▶ Exercise instructions
Your output should be the lines from the one containing "Jackson Landscape logo" through the end of the listing, exact and inclusive, with no pictures.

▶ Records to process
********************

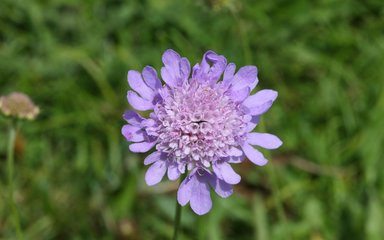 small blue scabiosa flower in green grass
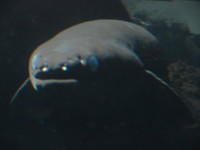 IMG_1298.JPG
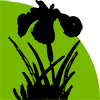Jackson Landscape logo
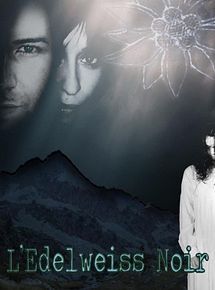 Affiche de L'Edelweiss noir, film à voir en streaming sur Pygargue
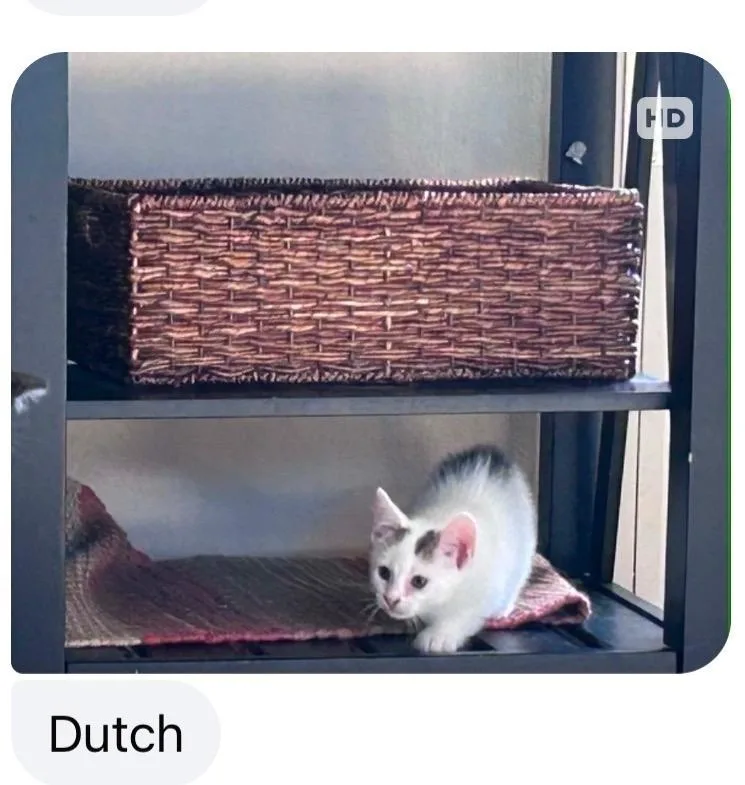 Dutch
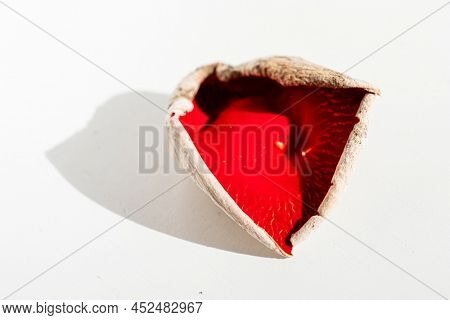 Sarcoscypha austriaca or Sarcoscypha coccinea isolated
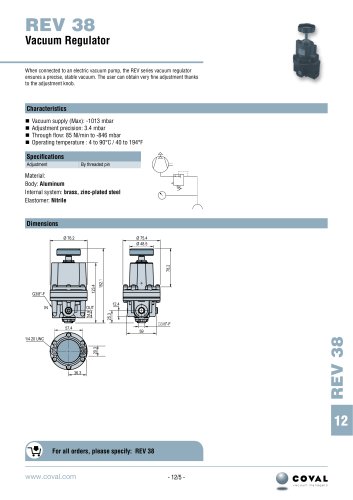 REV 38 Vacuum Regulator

********************

▶ Answer area
Jackson Landscape logo
 Affiche de L'Edelweiss noir, film à voir en streaming sur Pygargue
 Dutch
 Sarcoscypha austriaca or Sarcoscypha coccinea isolated
 REV 38 Vacuum Regulator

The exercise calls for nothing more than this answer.